* Exercise
Exact reproduction required: the lines below from the line with "Apartamento para alugar" to the line with "VIPcorel.com_10779.jpg", both ends included, and no others.

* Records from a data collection
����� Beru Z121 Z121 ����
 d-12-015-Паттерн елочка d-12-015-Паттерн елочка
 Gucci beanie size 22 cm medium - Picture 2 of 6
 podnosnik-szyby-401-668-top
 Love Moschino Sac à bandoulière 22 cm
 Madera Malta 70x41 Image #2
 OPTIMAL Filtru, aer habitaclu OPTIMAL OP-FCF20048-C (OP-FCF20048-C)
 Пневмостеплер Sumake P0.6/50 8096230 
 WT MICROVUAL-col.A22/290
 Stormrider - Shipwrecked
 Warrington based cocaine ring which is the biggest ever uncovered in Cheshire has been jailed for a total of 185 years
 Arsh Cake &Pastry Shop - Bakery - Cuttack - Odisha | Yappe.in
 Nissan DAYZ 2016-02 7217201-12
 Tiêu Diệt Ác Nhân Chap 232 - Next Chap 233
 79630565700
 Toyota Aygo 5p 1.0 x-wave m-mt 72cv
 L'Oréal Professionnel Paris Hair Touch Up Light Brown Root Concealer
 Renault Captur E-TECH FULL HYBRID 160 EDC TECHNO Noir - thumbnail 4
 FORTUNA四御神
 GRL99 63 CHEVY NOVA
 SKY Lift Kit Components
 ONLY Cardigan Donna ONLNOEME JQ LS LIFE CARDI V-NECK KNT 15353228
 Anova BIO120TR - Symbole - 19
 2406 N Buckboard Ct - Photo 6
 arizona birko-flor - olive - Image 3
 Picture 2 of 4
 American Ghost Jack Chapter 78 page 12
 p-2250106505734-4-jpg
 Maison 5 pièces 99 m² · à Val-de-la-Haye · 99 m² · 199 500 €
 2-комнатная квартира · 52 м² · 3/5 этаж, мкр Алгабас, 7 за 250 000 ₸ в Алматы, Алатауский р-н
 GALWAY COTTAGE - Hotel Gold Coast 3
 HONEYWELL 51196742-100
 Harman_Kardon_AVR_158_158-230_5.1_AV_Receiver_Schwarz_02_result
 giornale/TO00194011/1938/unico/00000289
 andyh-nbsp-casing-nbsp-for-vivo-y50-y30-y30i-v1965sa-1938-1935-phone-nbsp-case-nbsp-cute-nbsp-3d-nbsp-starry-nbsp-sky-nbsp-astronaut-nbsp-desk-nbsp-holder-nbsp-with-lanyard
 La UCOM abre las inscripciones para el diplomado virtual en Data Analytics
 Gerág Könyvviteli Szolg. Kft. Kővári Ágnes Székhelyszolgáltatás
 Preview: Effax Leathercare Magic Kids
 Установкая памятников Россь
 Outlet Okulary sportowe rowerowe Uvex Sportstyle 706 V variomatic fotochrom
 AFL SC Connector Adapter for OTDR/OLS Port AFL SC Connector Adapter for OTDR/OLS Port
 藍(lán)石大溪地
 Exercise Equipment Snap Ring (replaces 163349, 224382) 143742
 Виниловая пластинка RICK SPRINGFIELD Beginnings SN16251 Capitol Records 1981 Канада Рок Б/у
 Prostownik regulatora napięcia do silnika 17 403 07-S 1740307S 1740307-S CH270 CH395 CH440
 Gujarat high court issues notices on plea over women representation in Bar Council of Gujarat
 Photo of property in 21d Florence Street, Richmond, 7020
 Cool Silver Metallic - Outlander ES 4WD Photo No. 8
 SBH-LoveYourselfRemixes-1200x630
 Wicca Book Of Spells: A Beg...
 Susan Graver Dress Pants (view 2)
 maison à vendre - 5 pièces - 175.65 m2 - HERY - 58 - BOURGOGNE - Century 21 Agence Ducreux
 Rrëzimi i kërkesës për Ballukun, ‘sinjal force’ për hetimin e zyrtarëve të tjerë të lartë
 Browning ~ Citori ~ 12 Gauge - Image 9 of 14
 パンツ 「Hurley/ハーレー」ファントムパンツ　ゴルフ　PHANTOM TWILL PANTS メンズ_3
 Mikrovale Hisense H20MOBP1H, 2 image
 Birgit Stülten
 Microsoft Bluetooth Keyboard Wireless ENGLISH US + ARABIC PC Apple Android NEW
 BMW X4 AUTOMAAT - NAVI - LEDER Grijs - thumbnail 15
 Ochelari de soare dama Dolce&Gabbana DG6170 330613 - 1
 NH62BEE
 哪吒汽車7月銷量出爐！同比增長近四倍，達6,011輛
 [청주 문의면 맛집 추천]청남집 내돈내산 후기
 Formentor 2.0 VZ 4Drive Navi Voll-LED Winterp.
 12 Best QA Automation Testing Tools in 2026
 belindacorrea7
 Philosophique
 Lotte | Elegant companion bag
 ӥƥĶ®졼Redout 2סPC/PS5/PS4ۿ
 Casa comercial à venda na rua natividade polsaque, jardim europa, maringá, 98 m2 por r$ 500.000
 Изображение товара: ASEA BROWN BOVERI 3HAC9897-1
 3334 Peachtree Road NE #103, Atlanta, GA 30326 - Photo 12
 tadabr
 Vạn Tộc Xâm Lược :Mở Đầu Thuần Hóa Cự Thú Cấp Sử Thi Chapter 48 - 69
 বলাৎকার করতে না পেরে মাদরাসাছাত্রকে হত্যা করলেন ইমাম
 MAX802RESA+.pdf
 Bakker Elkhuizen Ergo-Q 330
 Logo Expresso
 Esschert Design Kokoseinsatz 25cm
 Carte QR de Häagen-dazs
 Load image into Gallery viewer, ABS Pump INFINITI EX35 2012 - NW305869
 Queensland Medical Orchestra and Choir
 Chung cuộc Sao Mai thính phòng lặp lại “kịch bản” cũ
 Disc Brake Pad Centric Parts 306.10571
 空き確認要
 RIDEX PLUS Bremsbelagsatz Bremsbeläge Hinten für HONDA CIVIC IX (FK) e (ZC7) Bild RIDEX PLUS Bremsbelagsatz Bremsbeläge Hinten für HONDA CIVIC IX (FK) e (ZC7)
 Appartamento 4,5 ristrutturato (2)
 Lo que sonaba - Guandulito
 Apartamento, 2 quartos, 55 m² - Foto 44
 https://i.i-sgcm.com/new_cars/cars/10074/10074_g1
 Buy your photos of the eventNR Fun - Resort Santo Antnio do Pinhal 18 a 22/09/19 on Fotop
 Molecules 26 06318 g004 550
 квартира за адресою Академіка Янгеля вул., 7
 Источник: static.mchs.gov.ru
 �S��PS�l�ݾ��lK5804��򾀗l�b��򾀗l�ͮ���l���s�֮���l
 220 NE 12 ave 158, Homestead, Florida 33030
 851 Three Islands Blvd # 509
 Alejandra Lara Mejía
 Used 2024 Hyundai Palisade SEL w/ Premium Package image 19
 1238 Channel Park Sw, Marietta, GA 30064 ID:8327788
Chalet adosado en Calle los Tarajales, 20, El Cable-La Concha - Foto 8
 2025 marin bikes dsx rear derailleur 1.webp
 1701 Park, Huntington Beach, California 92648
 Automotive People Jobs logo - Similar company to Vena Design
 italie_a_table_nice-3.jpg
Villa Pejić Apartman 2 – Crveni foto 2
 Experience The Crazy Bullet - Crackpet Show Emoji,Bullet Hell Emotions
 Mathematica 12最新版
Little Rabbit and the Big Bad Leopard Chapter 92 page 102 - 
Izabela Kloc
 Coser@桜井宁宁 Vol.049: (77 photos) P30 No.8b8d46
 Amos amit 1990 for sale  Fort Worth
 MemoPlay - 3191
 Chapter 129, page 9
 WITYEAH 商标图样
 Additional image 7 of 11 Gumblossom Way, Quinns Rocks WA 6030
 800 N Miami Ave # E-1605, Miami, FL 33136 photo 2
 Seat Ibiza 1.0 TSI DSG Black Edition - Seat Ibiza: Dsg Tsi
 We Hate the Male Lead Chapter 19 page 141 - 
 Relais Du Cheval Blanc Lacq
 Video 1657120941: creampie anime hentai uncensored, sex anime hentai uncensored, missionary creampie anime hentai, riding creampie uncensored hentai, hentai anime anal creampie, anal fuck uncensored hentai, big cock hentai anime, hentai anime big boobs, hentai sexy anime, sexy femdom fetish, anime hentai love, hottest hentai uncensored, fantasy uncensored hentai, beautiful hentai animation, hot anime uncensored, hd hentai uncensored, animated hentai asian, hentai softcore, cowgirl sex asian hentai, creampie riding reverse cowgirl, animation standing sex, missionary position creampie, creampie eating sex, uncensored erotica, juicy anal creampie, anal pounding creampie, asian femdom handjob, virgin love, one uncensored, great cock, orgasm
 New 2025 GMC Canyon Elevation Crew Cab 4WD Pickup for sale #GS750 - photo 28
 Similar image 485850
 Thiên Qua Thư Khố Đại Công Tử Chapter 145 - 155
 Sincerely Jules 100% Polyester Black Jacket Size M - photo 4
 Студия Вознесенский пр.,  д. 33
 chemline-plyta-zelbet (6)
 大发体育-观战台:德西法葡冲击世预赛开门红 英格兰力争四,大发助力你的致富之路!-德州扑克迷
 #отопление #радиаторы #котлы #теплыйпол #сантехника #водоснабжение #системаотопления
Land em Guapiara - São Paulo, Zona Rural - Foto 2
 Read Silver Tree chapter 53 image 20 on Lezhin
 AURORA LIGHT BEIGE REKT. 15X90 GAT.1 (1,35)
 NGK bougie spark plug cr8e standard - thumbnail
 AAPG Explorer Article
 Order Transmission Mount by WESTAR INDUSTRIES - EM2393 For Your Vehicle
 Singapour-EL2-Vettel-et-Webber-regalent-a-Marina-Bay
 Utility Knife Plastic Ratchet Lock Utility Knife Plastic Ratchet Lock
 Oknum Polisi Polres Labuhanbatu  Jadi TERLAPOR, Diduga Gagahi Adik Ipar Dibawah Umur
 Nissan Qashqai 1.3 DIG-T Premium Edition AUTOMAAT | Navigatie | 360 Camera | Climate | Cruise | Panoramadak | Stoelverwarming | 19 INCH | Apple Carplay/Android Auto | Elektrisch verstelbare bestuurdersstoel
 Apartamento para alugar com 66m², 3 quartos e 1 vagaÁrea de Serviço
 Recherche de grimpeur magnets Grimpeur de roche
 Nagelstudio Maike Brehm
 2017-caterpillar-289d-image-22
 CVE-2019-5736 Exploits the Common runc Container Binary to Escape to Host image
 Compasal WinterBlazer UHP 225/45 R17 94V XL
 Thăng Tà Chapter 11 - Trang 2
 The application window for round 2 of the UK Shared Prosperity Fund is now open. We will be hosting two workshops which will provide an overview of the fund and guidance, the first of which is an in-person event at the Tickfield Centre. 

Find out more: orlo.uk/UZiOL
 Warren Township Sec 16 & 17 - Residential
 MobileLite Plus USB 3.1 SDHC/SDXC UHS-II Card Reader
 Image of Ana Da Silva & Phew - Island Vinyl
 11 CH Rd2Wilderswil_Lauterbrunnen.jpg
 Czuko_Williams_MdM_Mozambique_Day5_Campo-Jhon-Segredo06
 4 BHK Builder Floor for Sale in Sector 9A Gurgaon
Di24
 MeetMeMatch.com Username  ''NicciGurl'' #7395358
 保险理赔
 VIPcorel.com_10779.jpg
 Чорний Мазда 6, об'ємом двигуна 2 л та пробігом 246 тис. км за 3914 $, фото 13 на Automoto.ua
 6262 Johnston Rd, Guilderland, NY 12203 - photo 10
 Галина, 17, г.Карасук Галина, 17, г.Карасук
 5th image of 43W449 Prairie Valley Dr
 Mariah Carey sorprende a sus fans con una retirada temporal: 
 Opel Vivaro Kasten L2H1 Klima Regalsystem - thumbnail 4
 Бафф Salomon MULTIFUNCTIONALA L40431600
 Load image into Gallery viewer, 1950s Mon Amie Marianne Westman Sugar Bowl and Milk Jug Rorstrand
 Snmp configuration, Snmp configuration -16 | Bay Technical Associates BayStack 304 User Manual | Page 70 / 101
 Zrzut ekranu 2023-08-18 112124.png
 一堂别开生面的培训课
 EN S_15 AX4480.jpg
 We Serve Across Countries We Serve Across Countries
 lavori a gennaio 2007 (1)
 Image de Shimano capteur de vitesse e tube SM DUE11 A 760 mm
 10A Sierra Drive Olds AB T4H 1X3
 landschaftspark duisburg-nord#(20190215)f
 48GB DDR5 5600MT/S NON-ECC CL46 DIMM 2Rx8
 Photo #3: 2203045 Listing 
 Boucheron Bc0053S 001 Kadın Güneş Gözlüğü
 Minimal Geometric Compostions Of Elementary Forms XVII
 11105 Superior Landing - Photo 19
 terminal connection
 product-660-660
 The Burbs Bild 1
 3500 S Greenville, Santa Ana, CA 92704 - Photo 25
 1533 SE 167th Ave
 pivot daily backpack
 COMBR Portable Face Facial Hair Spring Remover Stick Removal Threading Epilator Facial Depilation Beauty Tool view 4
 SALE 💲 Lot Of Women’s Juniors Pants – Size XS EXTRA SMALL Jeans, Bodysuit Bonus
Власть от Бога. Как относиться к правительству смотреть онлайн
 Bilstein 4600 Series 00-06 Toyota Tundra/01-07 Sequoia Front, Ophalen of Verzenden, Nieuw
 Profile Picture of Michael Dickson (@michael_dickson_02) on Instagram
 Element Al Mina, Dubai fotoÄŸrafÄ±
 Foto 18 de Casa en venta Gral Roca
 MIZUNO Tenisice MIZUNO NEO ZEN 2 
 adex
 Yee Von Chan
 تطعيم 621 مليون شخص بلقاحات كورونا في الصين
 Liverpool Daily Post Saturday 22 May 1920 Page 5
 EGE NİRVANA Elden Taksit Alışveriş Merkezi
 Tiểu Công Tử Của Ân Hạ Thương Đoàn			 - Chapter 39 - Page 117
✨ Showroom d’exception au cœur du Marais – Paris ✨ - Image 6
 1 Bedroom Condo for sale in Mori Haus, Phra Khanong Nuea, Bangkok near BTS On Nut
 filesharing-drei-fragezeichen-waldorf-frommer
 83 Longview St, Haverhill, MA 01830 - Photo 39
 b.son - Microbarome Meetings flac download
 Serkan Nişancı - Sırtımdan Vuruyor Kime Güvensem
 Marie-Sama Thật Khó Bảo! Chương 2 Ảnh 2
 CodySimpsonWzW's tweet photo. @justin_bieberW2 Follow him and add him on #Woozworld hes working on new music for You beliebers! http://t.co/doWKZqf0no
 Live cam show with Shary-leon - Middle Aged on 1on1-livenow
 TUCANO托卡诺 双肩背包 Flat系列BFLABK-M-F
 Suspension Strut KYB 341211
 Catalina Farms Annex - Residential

* Worked solution
 Apartamento para alugar com 66m², 3 quartos e 1 vagaÁrea de Serviço
 Recherche de grimpeur magnets Grimpeur de roche
 Nagelstudio Maike Brehm
 2017-caterpillar-289d-image-22
 CVE-2019-5736 Exploits the Common runc Container Binary to Escape to Host image
 Compasal WinterBlazer UHP 225/45 R17 94V XL
 Thăng Tà Chapter 11 - Trang 2
 The application window for round 2 of the UK Shared Prosperity Fund is now open. We will be hosting two workshops which will provide an overview of the fund and guidance, the first of which is an in-person event at the Tickfield Centre. 

Find out more: orlo.uk/UZiOL
 Warren Township Sec 16 & 17 - Residential
 MobileLite Plus USB 3.1 SDHC/SDXC UHS-II Card Reader
 Image of Ana Da Silva & Phew - Island Vinyl
 11 CH Rd2Wilderswil_Lauterbrunnen.jpg
 Czuko_Williams_MdM_Mozambique_Day5_Campo-Jhon-Segredo06
 4 BHK Builder Floor for Sale in Sector 9A Gurgaon
Di24
 MeetMeMatch.com Username  ''NicciGurl'' #7395358
 保险理赔
 VIPcorel.com_10779.jpg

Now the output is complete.